Riassumendo e schematizzando l’attuale e vigente regime prescrizionale dei reati tributari previsti dal Dlgs 74/2000 il termine di prescrizione per i reati previsti dagli articoli da 2 a 10 è il seguente: per i reati di cui agli articoli 2 (dichiarazione fraudolenta mediante uso di fatture o altri documenti per operazioni inesistenti) 3 (dichiarazione fraudolenta mediante altri artifici), 8 (emissione di fatture o altri documenti per operazioni inesistenti) e 10 (occultamento o distruzione di documenti contabili) per i quali è disposta la pena massima edittale di anni 6 di reclusione, ai sensi del richiamato articolo 17 del decreto 74/2000 il termine di prescrizione è di 8 anni, elevato a 10 in caso di interruzione ai sensi dell’articolo 161 del codice penale e fino a un massimo di anni 13 in caso di sospensione ex articolo 159 Codice penale.
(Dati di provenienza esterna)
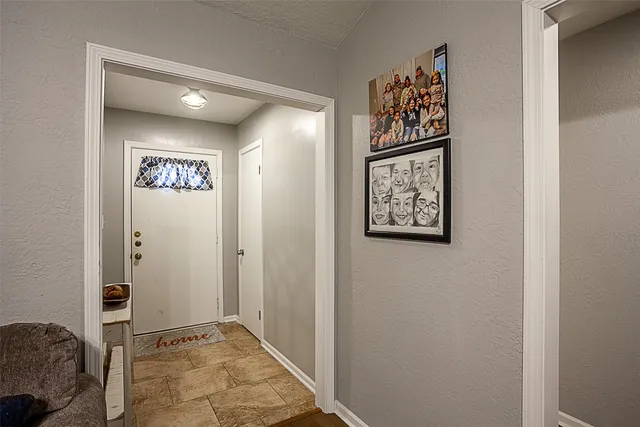 a view of a hallway with elevator
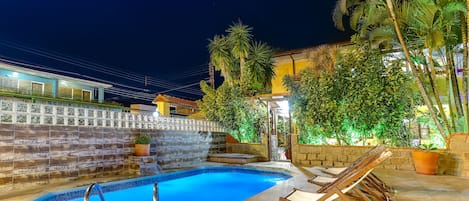 Outdoor pool, open 10 AM to 9 PM, pool umbrellas, pool loungers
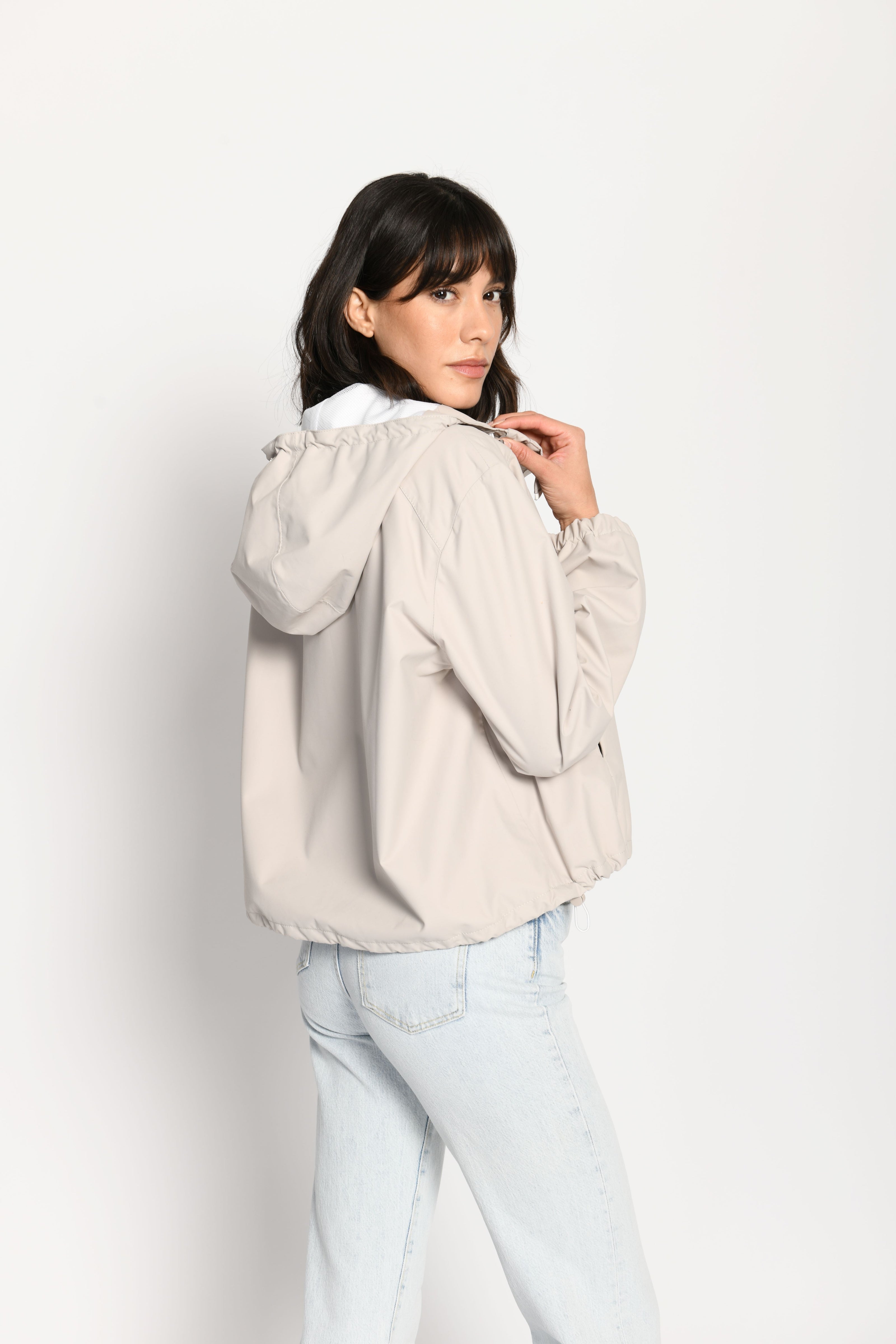 Beigefarbene kurze Outdoor-Kastenjacke mit zwei Reißverschlüssen und Kapuze – seitliche Rückansicht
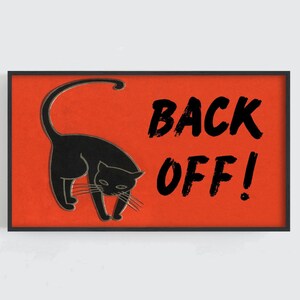 May include: A framed art print featuring a black cat silhouette on a vibrant orange background. Bold black text reads "BACK OFF!" The artwork has a vintage, slightly distressed aesthetic, perfect for adding a touch of humor to any space.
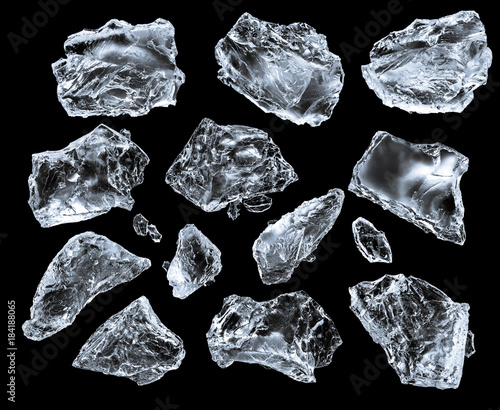Set of crushed ice cubes on black background, isolated on black. Clipping path for each piece.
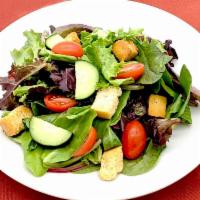 Side Garden Salad · Mixed greens, tomatoes, cucumbers, and croutons served with your dressing choice.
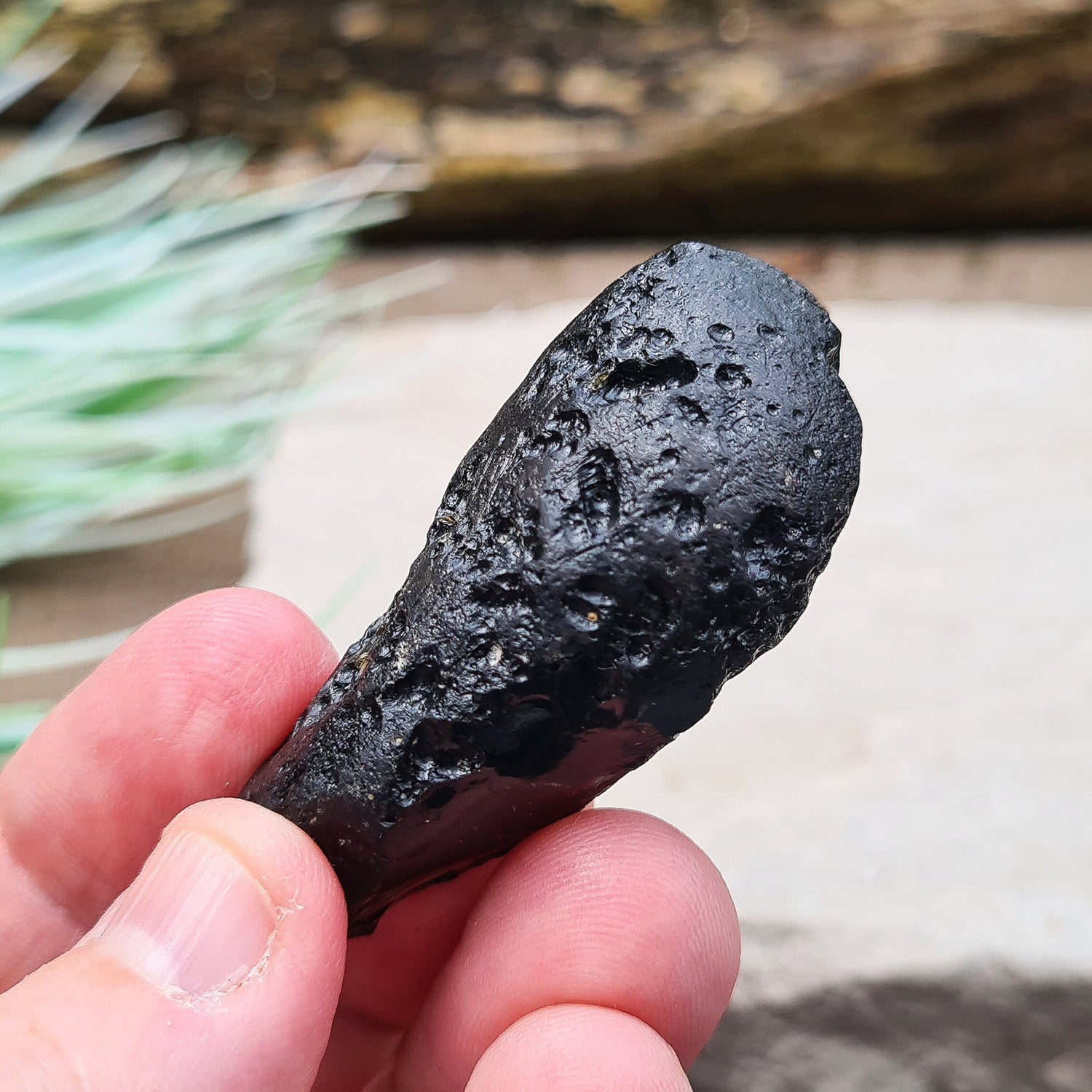 Black Indochinite Tektite, A Grade. A dark black tektite formed from meteorite impact, with a glass-like structure. Estimated to be 700,000 years old, these tektites are found in the Indochinese peninsula, stretching from Australia to China and Indonesia.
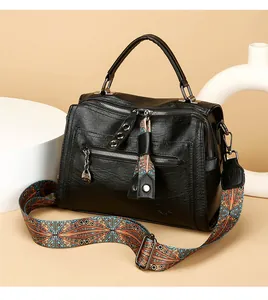 Premium black PU leather Boston bag with a colorful ethnic style wide crossbody strap.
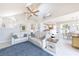Open living room and kitchen with tile floors, ceiling fan and stairway to the second floor at 16716 Grande Quay Dr, Boca Grande, FL 33921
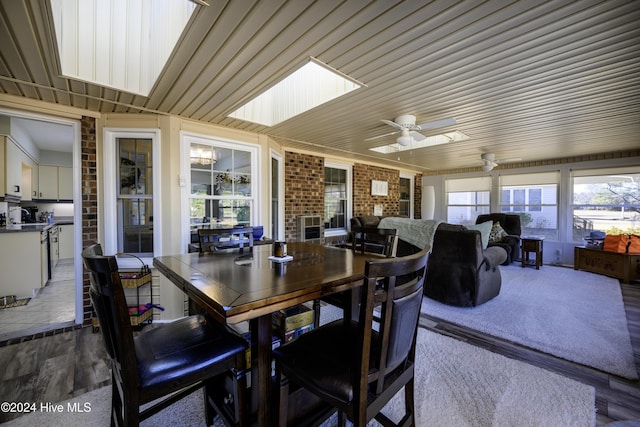 dining room featuring hardwood / wood-style floors, ceiling fan, brick wall, and a skylight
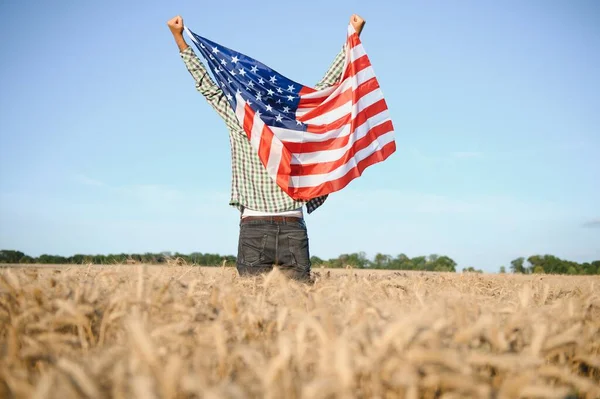 Young patriotic farmer stands among new harvest. Boy walking with the american flag on the wheat field celebrating national independence day. 4th of July concept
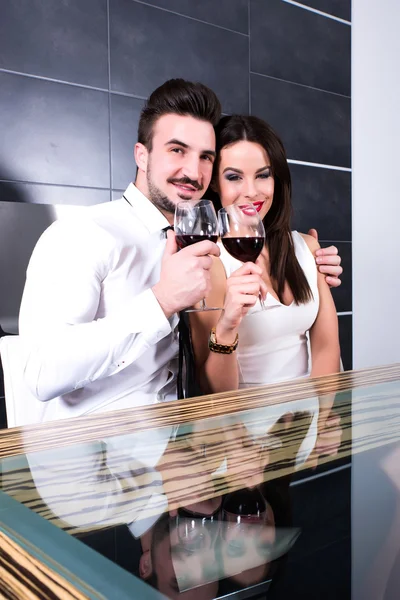 A romantic couple with a glass of wine in the dining room — Stock Photo, Image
Nonostante per i reati di cui all’articolo 4 (dichiarazione infedele) e all’articolo 5 (omessa dichiarazione) sia disposta una pena massima edittale più lieve rispetto ai reati sopra elencati e rispettivamente di anni 3 e anni 4 di reclusione, assistiamo tuttavia allo stesso gravoso regime prescrizionale sopra evidenziato.
Discorso diverso, invece, va fatto per i reati tributari esclusi dal regime speciale previsto dall’articolo 17 del Dlgs 74/2000. Infatti per i reati di cui agli articoli 10-bis, 10-ter, 10-quater e 11 i quali prevedono la pena massima edittale di anni 2 di reclusione ad esclusione dell’articolo 11 che prevede una pena massima edittale di anni 4 di reclusione, il termine di prescrizione è di 6 anni, elevato a 7 anni e mezzo in caso di interruzione ai sensi dell’articolo 161 Codice penale e fino a un massimo di anni 10 e mesi 6 in caso di sospensione ex articolo 159 del Codice penale.
Questi termini non potranno quindi mai più essere estesi retroattivamente, né per legge né per decisioni o interpretazioni giurisprudenziali , un loro prolungamento non potrà che essere effettuato che per le annualità di imposta correnti al momento dell'emanazione di una eventuale legge di riforma.